• _Data to examine_:
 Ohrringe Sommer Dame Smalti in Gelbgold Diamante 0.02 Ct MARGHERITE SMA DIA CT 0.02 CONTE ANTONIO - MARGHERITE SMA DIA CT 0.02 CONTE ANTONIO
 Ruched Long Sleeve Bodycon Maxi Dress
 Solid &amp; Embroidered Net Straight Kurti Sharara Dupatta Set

---

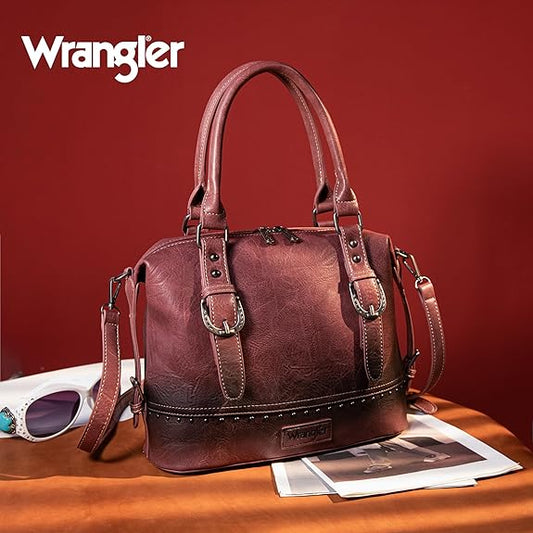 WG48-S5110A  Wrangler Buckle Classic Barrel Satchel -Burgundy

• _Problem description_: All that should be written out is the stretch of lines above between the one holding "Ohrringe Sommer Dame" and the one holding "Solid &amp; Embroidered", inclusive, exactly as given.

• _Task result_:
 Ohrringe Sommer Dame Smalti in Gelbgold Diamante 0.02 Ct MARGHERITE SMA DIA CT 0.02 CONTE ANTONIO - MARGHERITE SMA DIA CT 0.02 CONTE ANTONIO
 Ruched Long Sleeve Bodycon Maxi Dress
 Solid &amp; Embroidered Net Straight Kurti Sharara Dupatta Set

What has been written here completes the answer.